Tuesday, April 23, 2013

Family

Over 40 years ago, a girl from the north side of St. Louis met a boy from the south side of St. Louis. The rest of their story is hazy. After all, every story has three sides, as they say: her side, his side, and the truth. But the result or the consequence of the affair that followed their meeting, was me.

I was born into unreal circumstances with an uncertain future. But six weeks later, I met my mom and dad. They adopted me, took me home, and committed to raise me as their own. And they did.

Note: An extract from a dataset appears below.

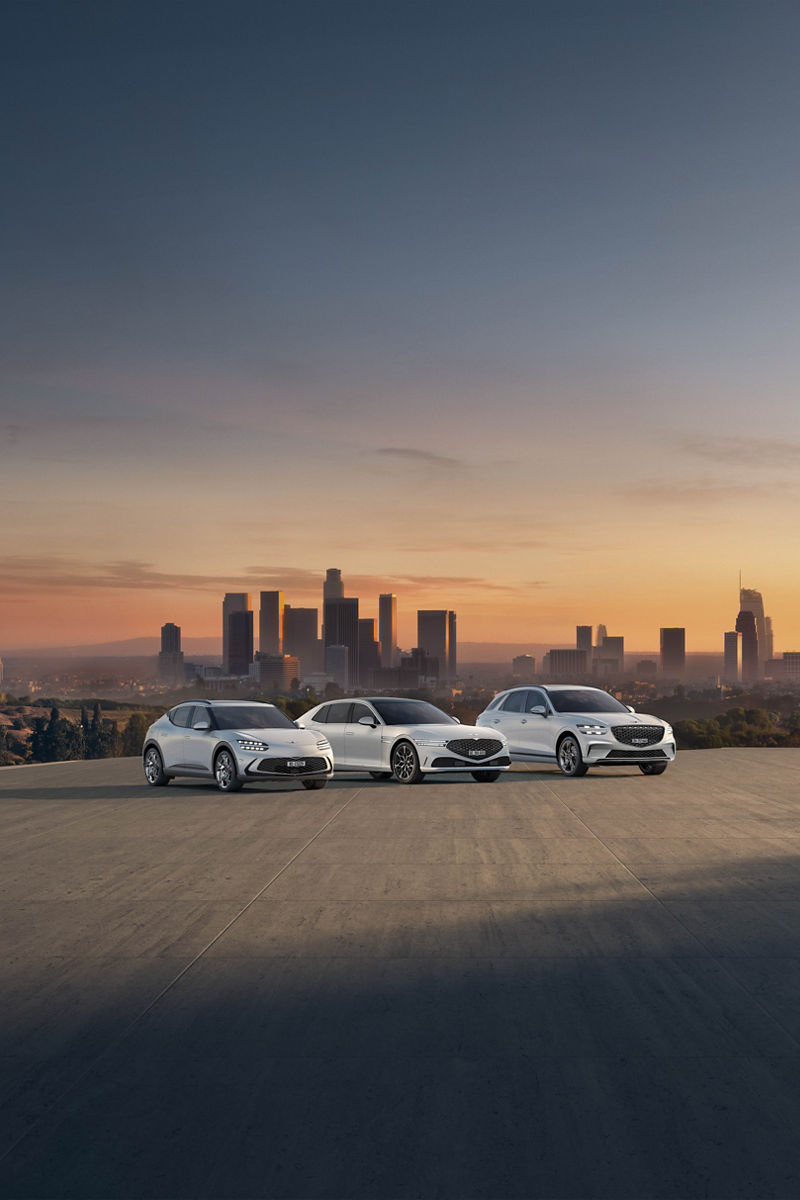 A white Genesis GV80 parked by the waterfront with a city skyline and bridge in the background.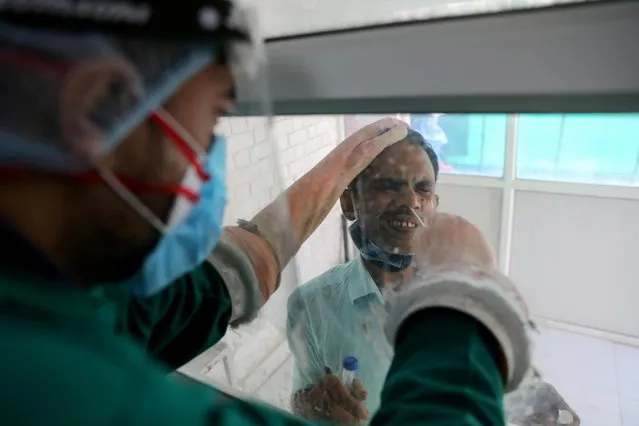 A healthcare worker collects a swab sample from a man amidst the spread of the coronavirus disease (COVID-19), at a testing centre, in New Delhi, India October 9, 2020. (Photo by Anushree Fadnavis/Reuters)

Being adopted is a blessing and a curse and someday I will fully capture it all in a wildly successful book that you can all buy and read. The blessings and curses both are too numerous to mention in a short blog. And unless you are actually adopted, you cannot completely understand the experience anyway. But in short, being adopted is not easy. It doesn't have to be tremendously difficult but it is simply not easy. That is not to say that I am not grateful to be adopted because I am. But there is a degree of uncertainty and clearly a lot of unknowns.

As I grew I up, I heard stories about my birth family as told to my parents by the adoption agency but because my family loved me so dearly and because I was surrounded by cousins and a sister and aunts and uncles nearly all the time, I didn't wonder about the people from whom I came. I didn't feel like I was missing anything.

However, over the course of an adopted person's life wonder does eventually creep in and many of us search and find our birth families, as I did. And more often than not, the fairy tale meeting that we imagine does not happen. But what adoption does for you is it changes how you define family, how you see family and how you experience family.

Family, for us, is about finding common ground with people. It is not about sharing the same blood. Family, by necessity, is about making connections and bonding in some way because the bonding experience is stolen from us as babies. And when we make connections... When we call you family... that's a big deal for us.

There is a lot of discussion in the world about the definition of family. From my perspective, we should respect others' definition of family because it is different for everyone. Family, in my life, was not one woman and one man who came together to create a life with 2.5 children and a golden retriever. Growing up, my family was three fathers and three mothers, including my foster family, and a host of other relatives not "related" by blood but "related" nonetheless. As an adult, my family is a combination of those with whom I was raised, just one mom & dad, some members of my birth family who I've been lucky enough to find and get to know a bit and a couple of handfuls of very dear friends.

Sometimes family as defined by others might not make sense to you. And you might not have the ability to imagine family from their perspectives. But it is not for you to argue or disagree with because it's not YOUR family. It is not your experience.